The Catalonia Trials: Justice or Vengeance

Al Jazeera (2019)

Film Review

This documentary examines the arrest and imprisonment of nine leaders of the Catalan Popular Assembly for holding an independence referendum in 2017. In a region where children were historically forbidden to speak their native tongue (Catalan) in school, the movement for Catalan rights and independence has a long history.

Catalan public opinion is evenly divided over the independence issue. Nearly 50% of the population voted or tried to vote on the 2017 referendum. Most opponents of independence boycotted the ballot. Of the 43% who successfully cast votes, 90% opted for independence.

On the day of the poll, national police raided many polling stations, confiscating ballot boxes and trying to drag voters away.

Following the failed referendum, the Catalan Popular Assembly voted to declare independence and was suspended by the Spanish government. Twelve assembly leaders were arrested and spent 17 months in prison before going to trial. Other leaders, including Carlos Puigemont, the former Catalan president, fled to northern Europe to avoid arrest.

Spain’s center left socialist government, which took power in June 2018 opposes Catalan independence. For some reason, they are allowing members of the right wing Vox party to participate in prosecuting the Catalan leaders.

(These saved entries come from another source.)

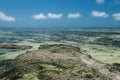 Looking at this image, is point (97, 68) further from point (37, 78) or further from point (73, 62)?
point (37, 78)

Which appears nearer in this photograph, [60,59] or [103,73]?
[103,73]

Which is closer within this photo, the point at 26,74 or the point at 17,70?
the point at 26,74

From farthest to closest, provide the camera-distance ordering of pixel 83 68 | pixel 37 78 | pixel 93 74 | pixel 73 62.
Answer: pixel 73 62
pixel 83 68
pixel 93 74
pixel 37 78

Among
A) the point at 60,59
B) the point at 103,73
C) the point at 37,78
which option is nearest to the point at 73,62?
the point at 60,59

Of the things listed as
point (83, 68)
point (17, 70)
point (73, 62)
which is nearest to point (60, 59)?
point (73, 62)

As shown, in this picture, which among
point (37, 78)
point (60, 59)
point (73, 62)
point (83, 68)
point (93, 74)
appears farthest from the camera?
point (60, 59)

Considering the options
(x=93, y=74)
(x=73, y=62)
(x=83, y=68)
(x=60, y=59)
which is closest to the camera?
(x=93, y=74)

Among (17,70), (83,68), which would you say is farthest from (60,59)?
(17,70)

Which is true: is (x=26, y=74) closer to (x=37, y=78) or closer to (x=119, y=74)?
(x=37, y=78)

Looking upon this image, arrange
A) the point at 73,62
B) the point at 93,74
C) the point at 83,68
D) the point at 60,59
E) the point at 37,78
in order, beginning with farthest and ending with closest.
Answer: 1. the point at 60,59
2. the point at 73,62
3. the point at 83,68
4. the point at 93,74
5. the point at 37,78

In April 2019, the socialist government fell, because Catalan members of its governing coalition refused to support their proposed budget. Because the Catalan independence movement is as strong as ever, several of the imprisoned Popular Assembly leaders stood in the new election. Four, who were elected, were let out of jail to take their oath of office before the new government suspended their right to take their seats.

They were also elected (along with two exiled Catalan leaders) to the European Parliament, as well.

Although the trial ended June 12, 2019, the verdict isn’t expected until fall.  See New York Times

All 12 face a potential 17-year sentence for rebellion.